Death and taxes are often referred to as the only two things we can never escape. For many business owners, tax is a swear word to never be uttered and can send shivers down the spine of even the most hardened businessman. It doesn't have to be this way. Knowledge is power so read on as we break down Terminal Tax and Provisional Tax so you can face it with confidence and plan for the inevitable tax take.
If you are trading well and making a profit, you will eventually have to pay tax on this profit. If you have done really well, you will have to pay tax in advance based on what the IRD thinks you will make in profit next year. For the year ended you will be paying Terminal Tax, for the year coming you will be paying Provisional Tax.
Terminal Tax is the end of year clear up of tax due on your taxable profit.
In your first year that you make a taxable profit, your Terminal Tax will be the total tax due on all of your declarable profit. If you have been paying taxes throughout the year, like Provisional Tax, then your Terminal Tax will be the difference between the taxes you have paid to date and the total tax due on your taxable profit.
Lets look at an example:
Client Company Ltd has just completed its first year of trading and has made a taxable profit of $10,000. As they are a company they pay tax at a flat rate of 28%. The total tax due on their profit is $2,800. This is their Terminal Tax and as they have not paid any taxes during the year they have to pay this full amount to the IRD in one lump sum.
If your Terminal Tax is over the threshold set by the IRD (currently $2,500) then you will need to pay Provisional Tax.

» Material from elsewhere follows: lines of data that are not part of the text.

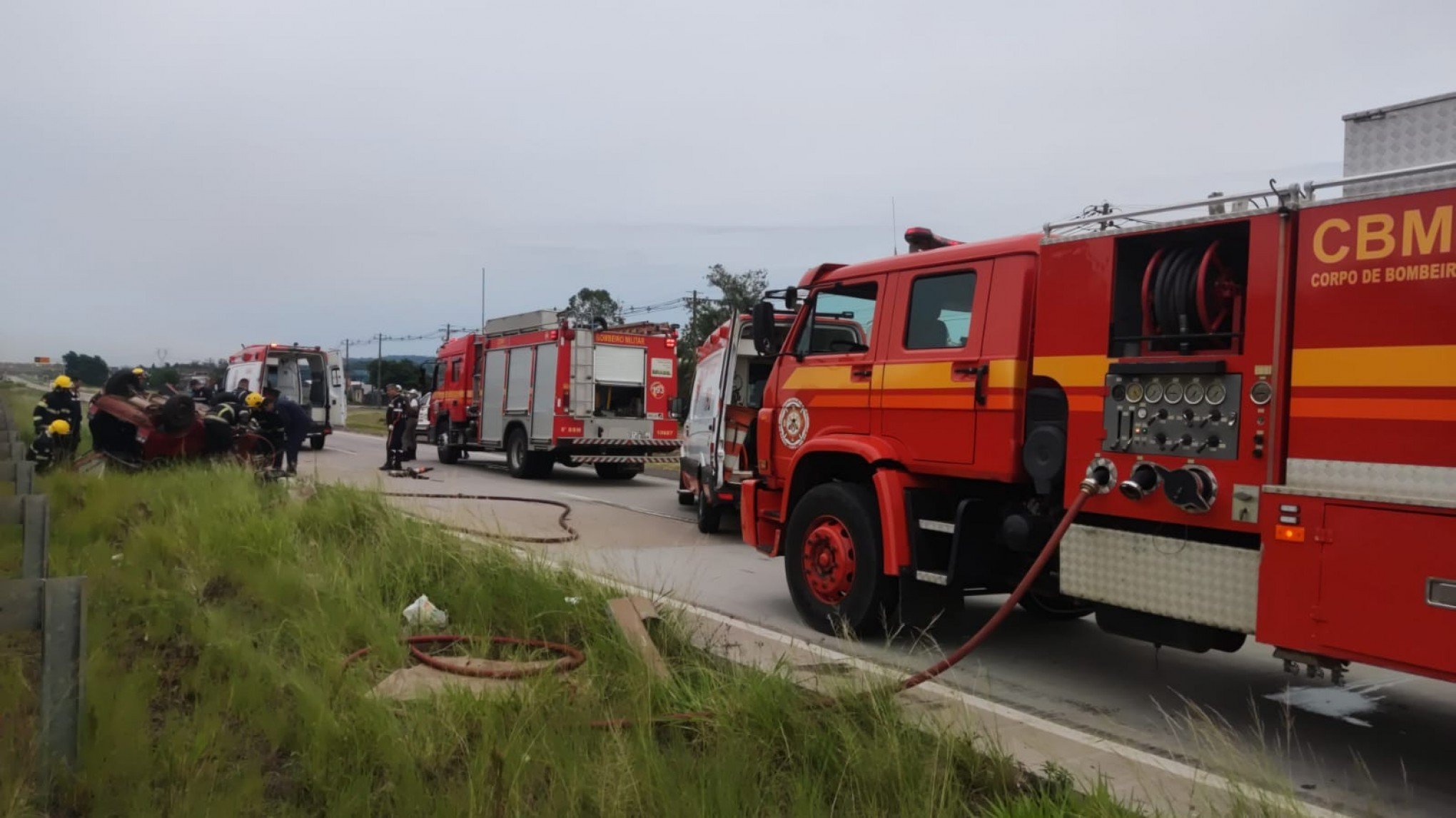 Homem fica ferido após carro bater em guard rail e veículo capotar na RS-118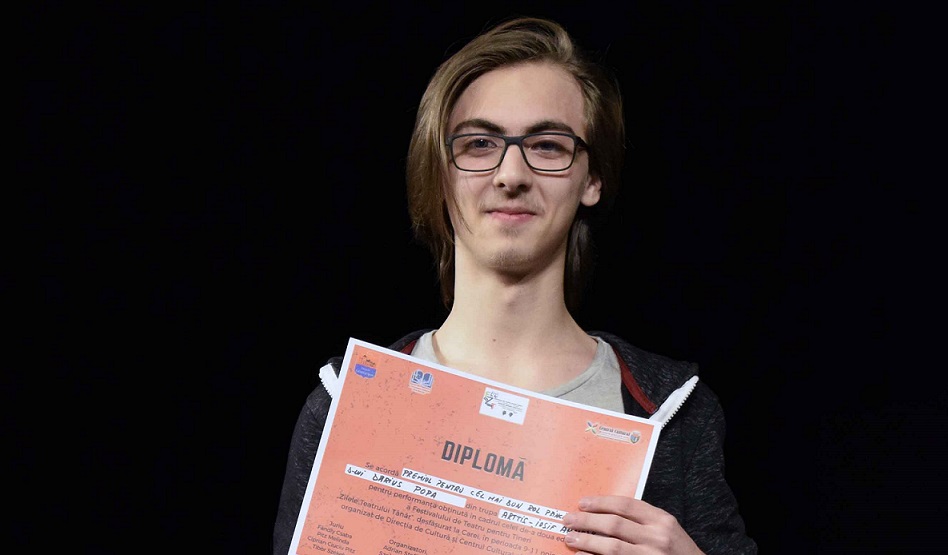 Un sătmărean, cel mai bun actor la Festivalul „Zilele Teatrului Tânăr". Cine este acesta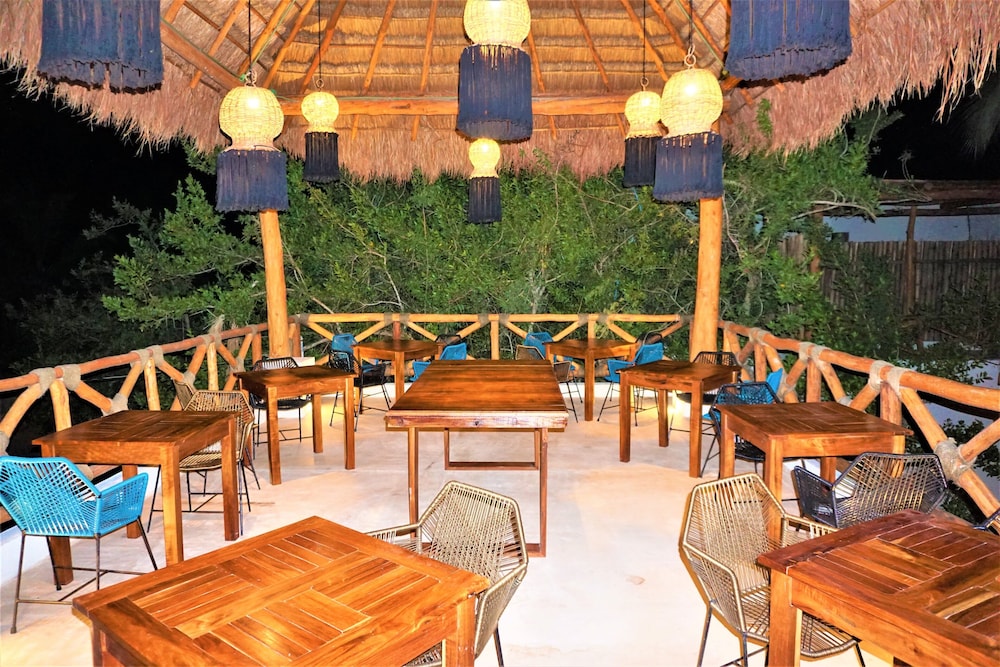La Puerta Azul Beachfront Adults Only 36/50
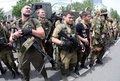 ウクライナ東部ドネツク（Donetsk）市で、ドネツクとルガンスク（Lugansk）の両州の「独立」を記念するパレードを行う親ロシア派の戦闘員ら（2014年5月25日撮影）。(c)AFP/ALEXANDER KHUDOTEPLY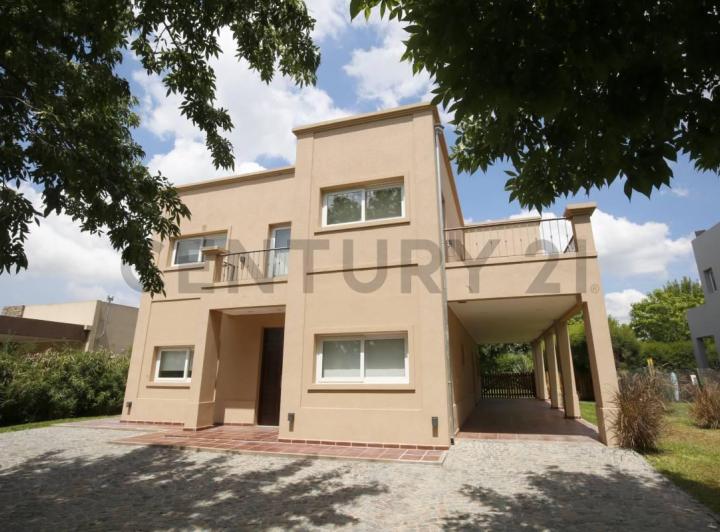 Casa · 273m² · 5 Ambientes · 2 Cocheras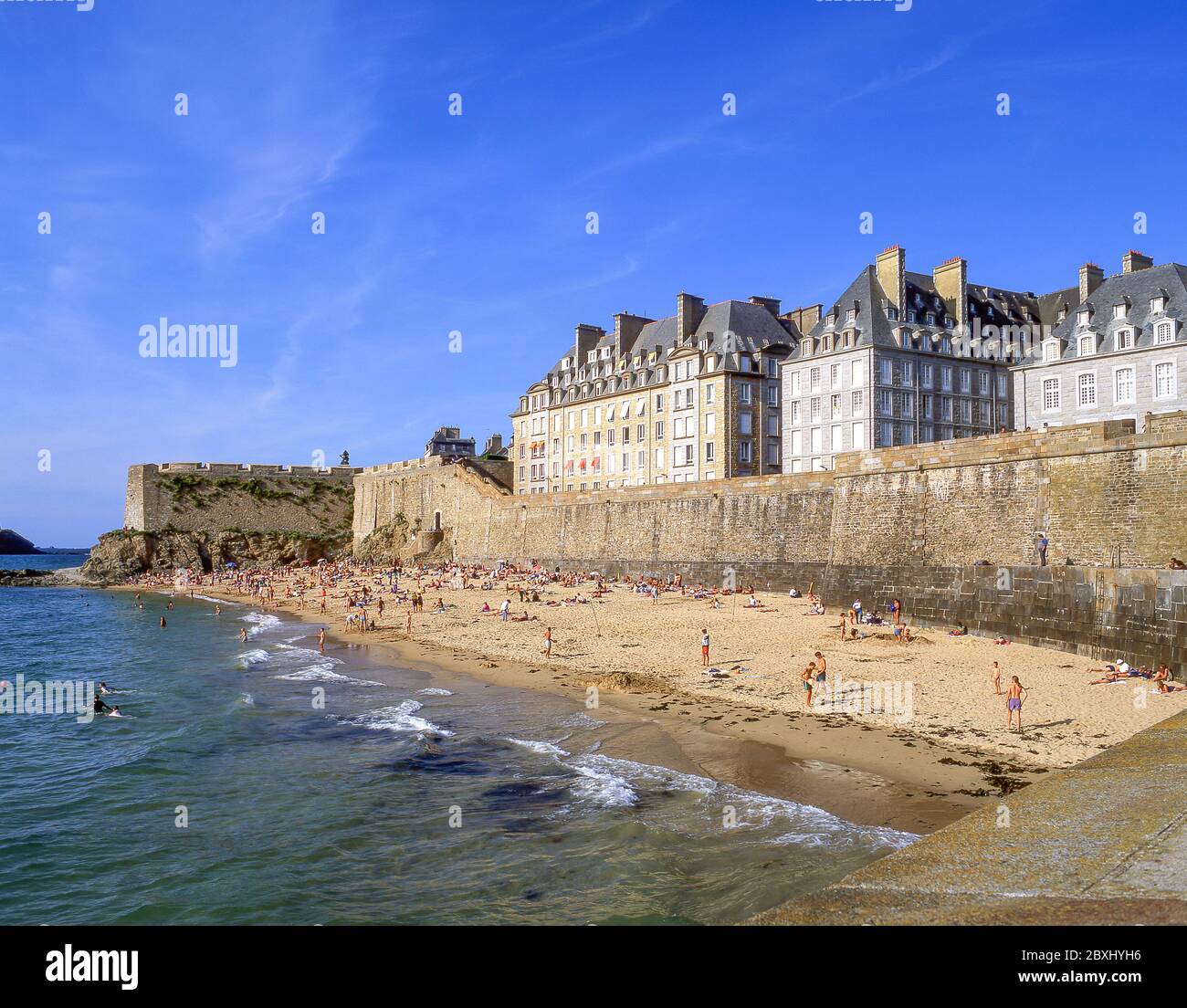 Le mura della città e dalla spiaggia, Saint-Malo, Ille-et-Vilaine Bretagna, Francia Foto Stock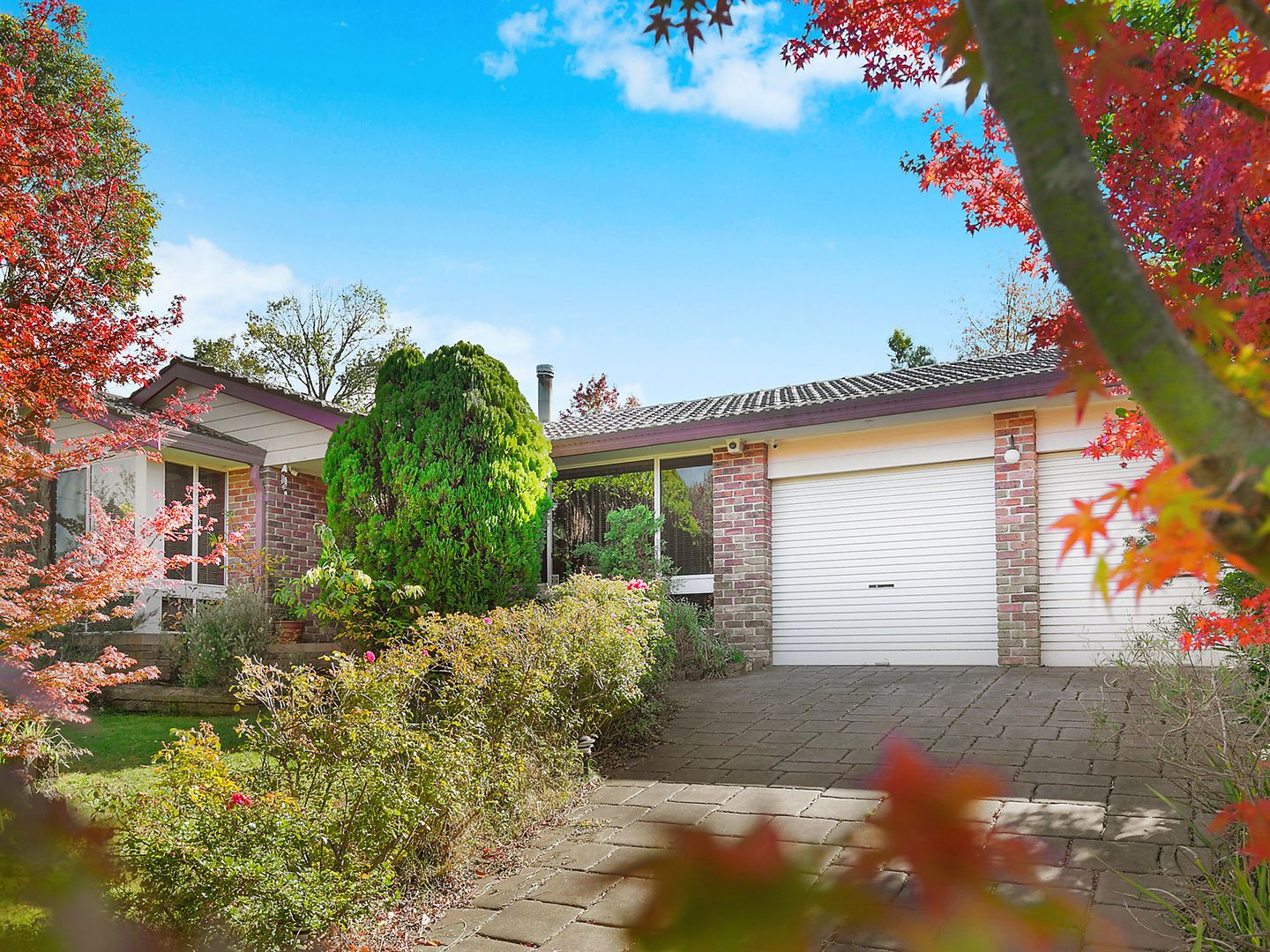 4 bedrooms House in 27 Cook Road WENTWORTH FALLS NSW, 2782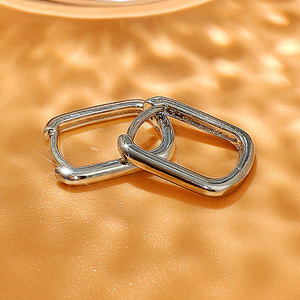Orecchini a Cerchio Geometrici a Forma di U per Donne, Gioielli Minimalisti Lucidi alla Moda per Uso Quotidiano - Product Image 4
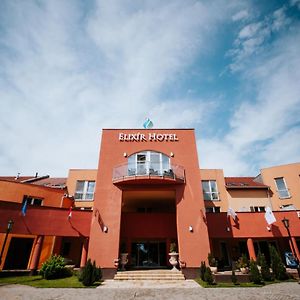 Elixir Medical Wellness Hotel Морахалом Exterior photo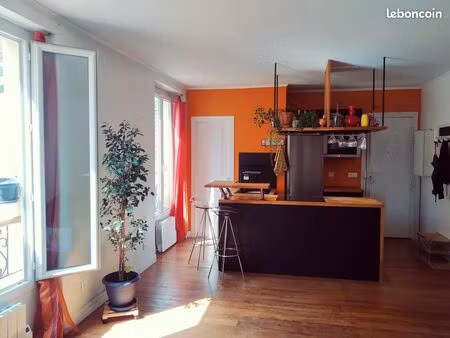2 pièces meublé  lumineux  au calme  sans vis-à-vis (location longue durée)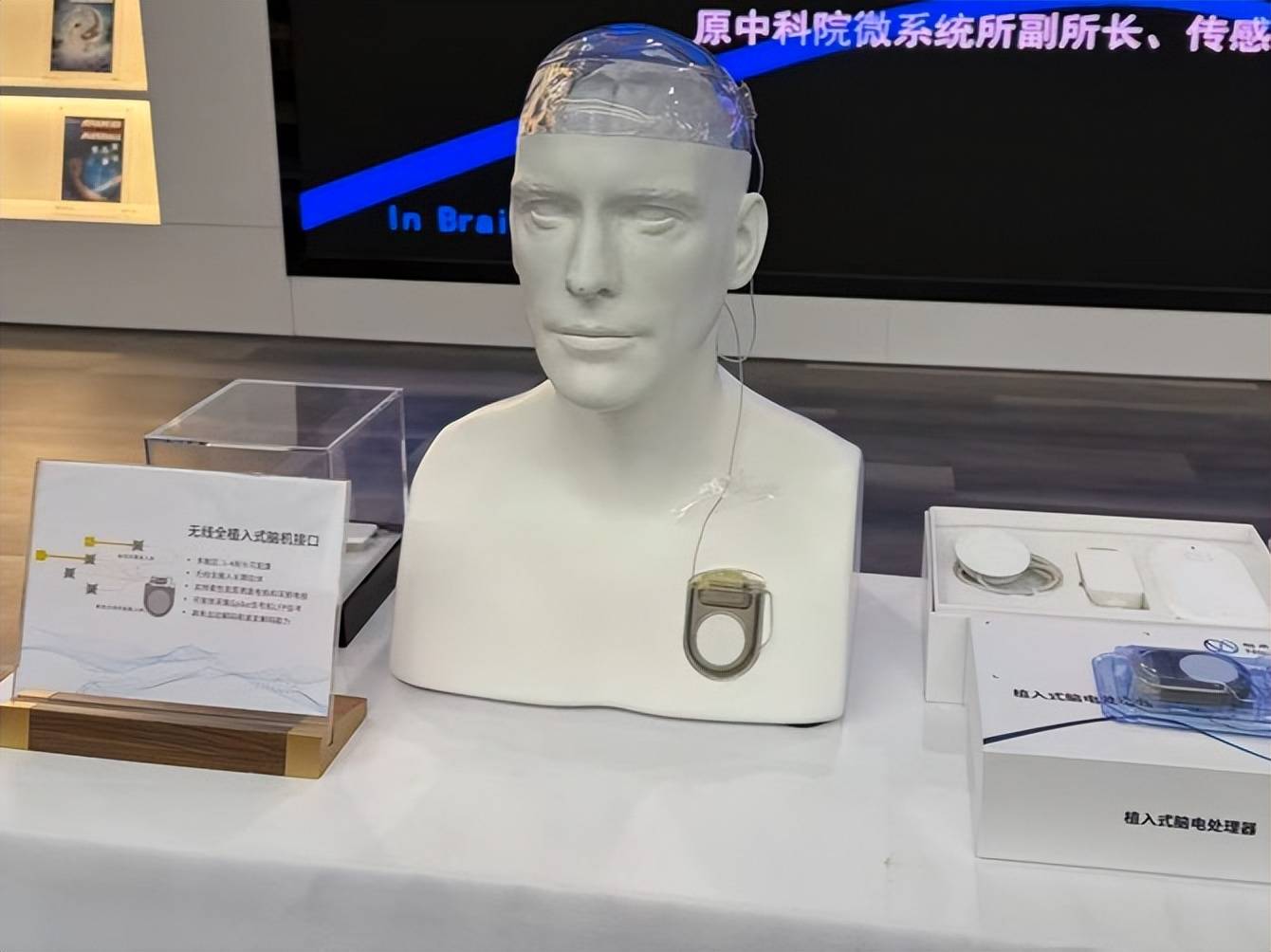 皇冠信用网正版开户_上海一厅局级干部突然辞职皇冠信用网正版开户,刚40岁出头!离开体制后,他比以前更忙了,全职创业究竟值吗?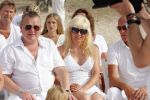 ibiza 12 juli 2013
Jan Reus en Sonja Bakker trouwen bij strandtent Sa Flama op ibiza alle 5 hun kinderen inclusief Bram zijn natuurlijk aanwezig.
Peter Smulders bv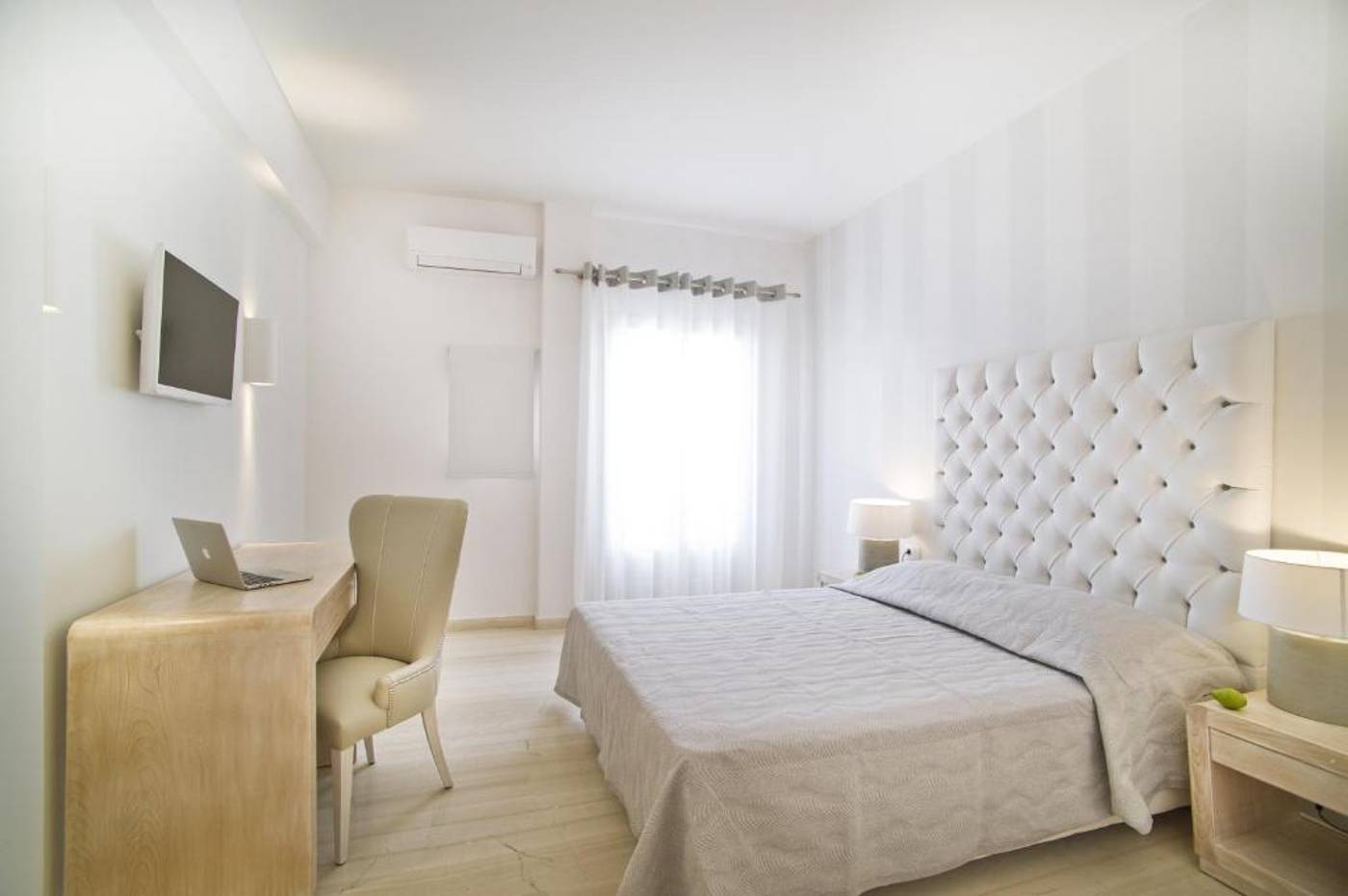 Santorini-Palace-Room-12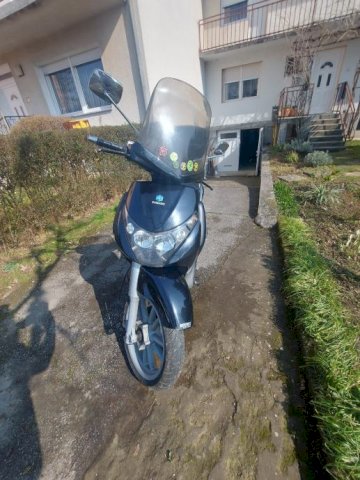 Piaggio Beverly 250 cm3, 2005 god.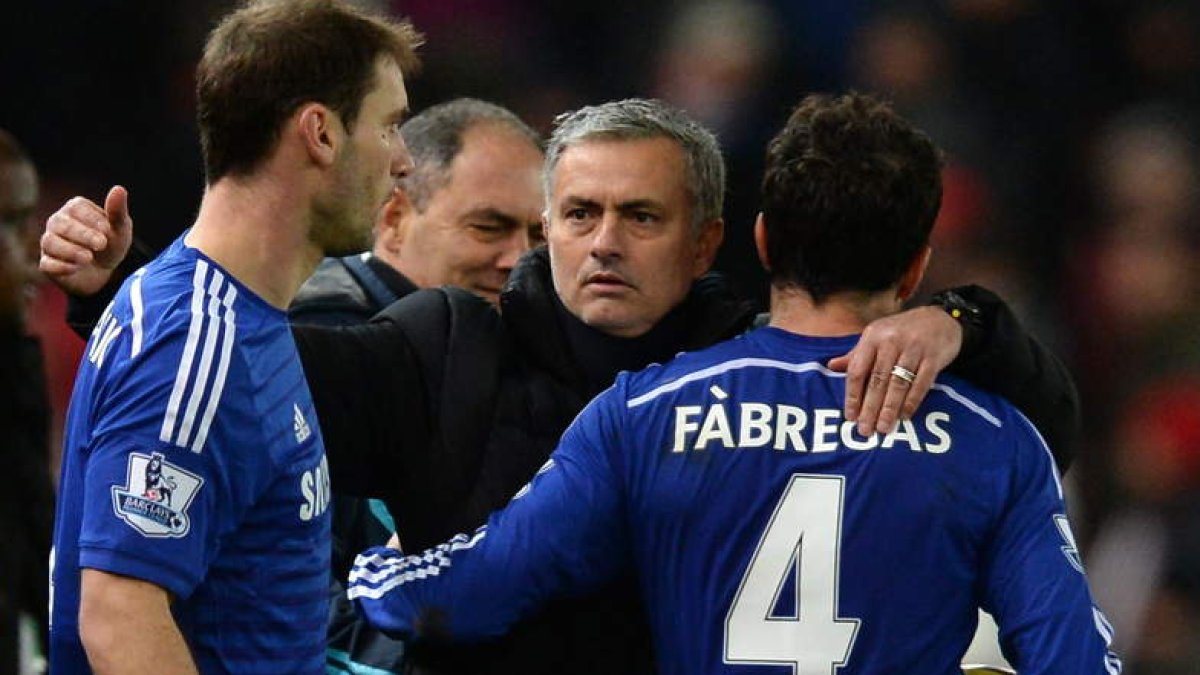 Mourinho, junto a sus jugadores Cesc Fabregas y Branislav Ivanovic.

Provisional Tax is the tax that the IRD would like you to pay in advance for the year in progress, based on your previous profit.
You are currently only required to pay Provisional Tax if your tax to pay on your previous years profit was $2,500 or more. When you are in this position, the default method of calculating Provisional Tax is to take the previous years figure and add on 5%.
Lets look at an example:
From the example earlier, Client Company Ltd had Terminal Tax of $2,800 for the year just finished. This means that they now need to pay Provisional Tax. The Provisional Tax they need to pay is going to be the total tax payable for the previous year plus 5%. This means that their total Provisional Tax due will be $2,940.
Don't panic, unlike Terminal Tax, Provisional Tax is not due in one lump sum. Instead, Provisional tax is split into payments throughout the year and if you calculate that it is an over payment when you file your next tax return, you will be refunded the difference and have no Terminal Tax to pay.
Lets continue with Client Company Ltd as our basis for this as your circumstances can alter the dates a bit, they are GST registered on two-monthly basis and have MBP as their accountants and tax agents. This means that their Terminal Tax will be due on the 7th of April in the year after balance date (e.g. Terminal Tax for the year ended 31st March 2017 is due 7th April 2018).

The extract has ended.